Stomakhin, editor of the small-circulation monthly newspaper Radikalnaya Politika (Radical Politics), was imprisoned on charges of inciting ethnic hatred and making public calls to extremist activity. The Butyrsky District Court of Moscow sentenced him to five years behind bars in November 2006. The journalist, his family, and his defense team said his imprisonment was in retaliation for his sharp criticism of the Kremlin’s policies in the southern republic of Chechnya.
In her ruling, Judge Lyubov Ishmuratova said Stomakhin’s articles “approved Chechen terrorists’ criminal actions aimed at the annihilation of the Russian people as an ethnic group.” The ruling quoted him as writing: “Let tens of new Chechen snipers take their positions in the mountain ridges and the city ruins and let hundreds, thousands of aggressors fall under righteous bullets!
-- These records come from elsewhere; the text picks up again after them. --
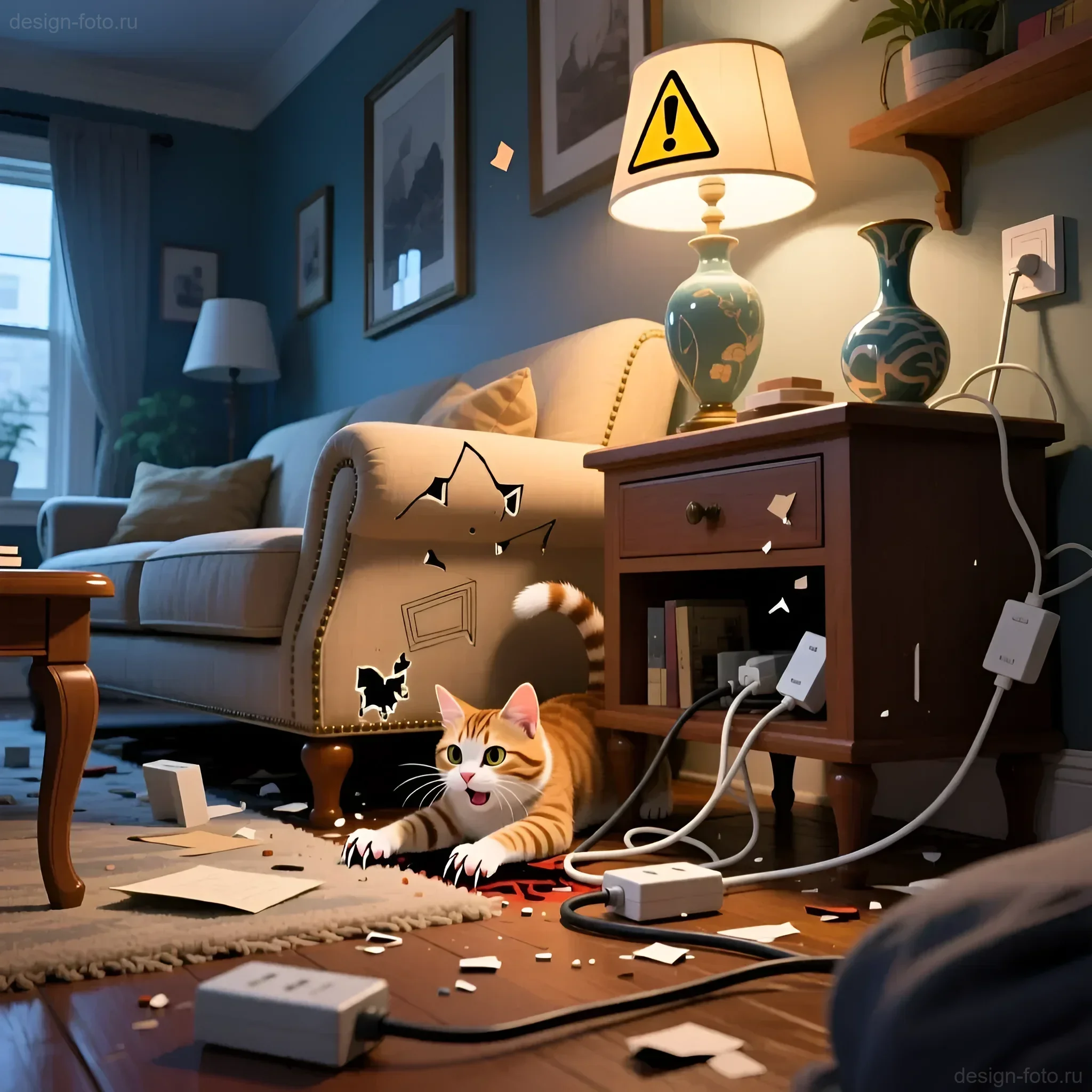 Игривый котенок среди обломков электроники в стильной гостиной, иллюстрация распространенных проблем дизайна для владельцев домашних животных.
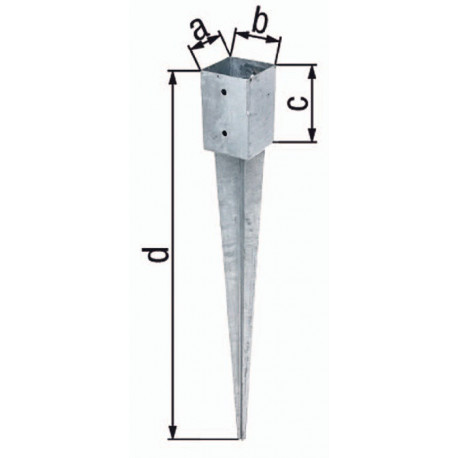 Point d'ancrage poteau a71xb71xc150xd750mm Acier brut, galvanisé à chaud
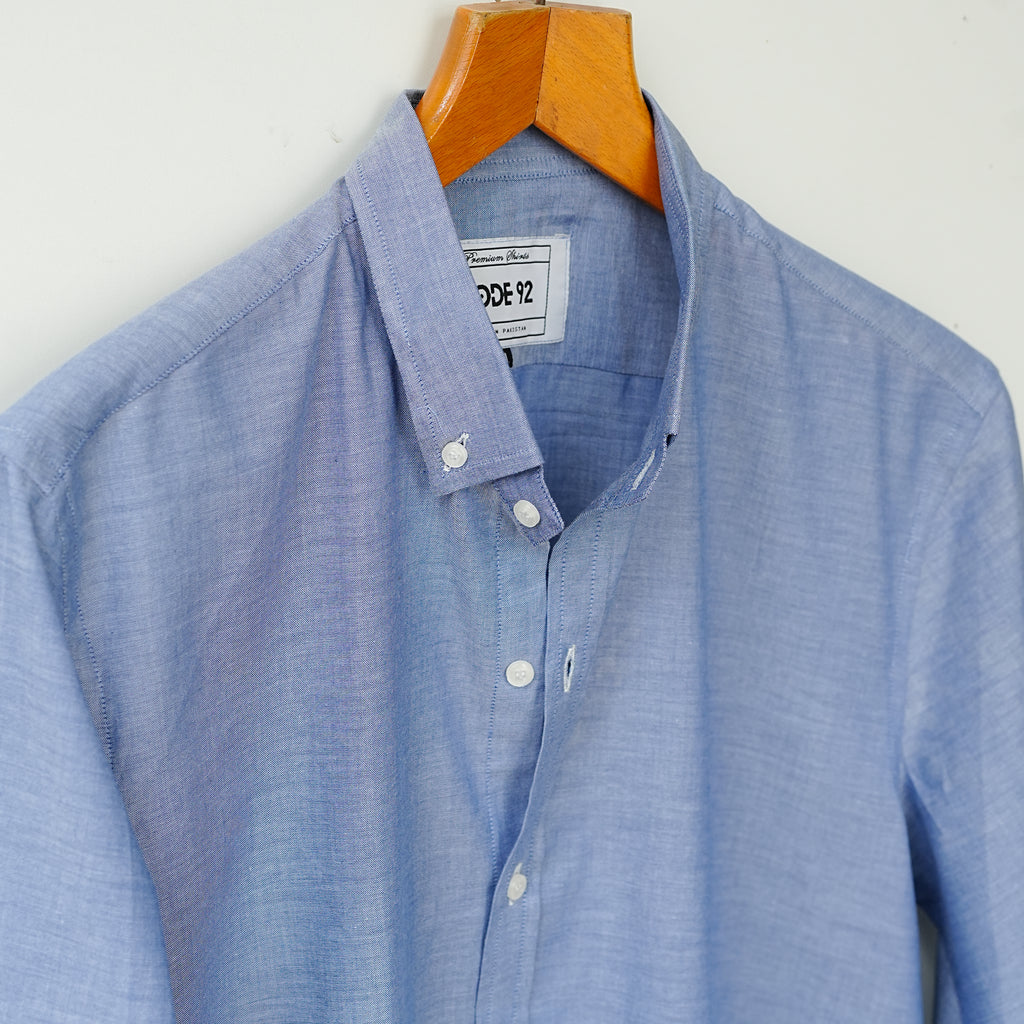 Ice Blue Cotton Linen Shirt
No mercy! Death to the Russian occupiers! … The Chechens have the full moral right to bomb everything they want in Russia.”
Stomakhin, who had pleaded not guilty, said he was “tried for his views and not for any real crime. … In the articles, I expressed my opinion, with which people were free to agree or disagree,” the news agency RIA-Novosti reported. He said an opinion was not a “call to action.”
Police arrested Stomakhin in March 2006, a day after he fell from the window of his fourth-floor Moscow apartment while trying to elude police, according to local press reports. He broke both his legs and suffered a back injury. After his conviction, Stomakhin was placed in a prison colony in the village of Burepolom, Nizhny Novgorod region.
In February 2008, the Tonshaevsky Regional Court denied an appeal for Stomakhin’s early release, the Moscow-based For Human Rights group told Kavkazsky Uzel. Representatives of the group met with him briefly and told the press they were concerned about the journalist’s health; the fall from the window in 2006 had left him with a permanent limp and spinal cord damage.
Two other appeals for early release, made in 2009, were also denied. In 2010, a website dedicated to Stomakhin’s defense described harsh conditions, including insufficient heating, in the Burepolom prison colony.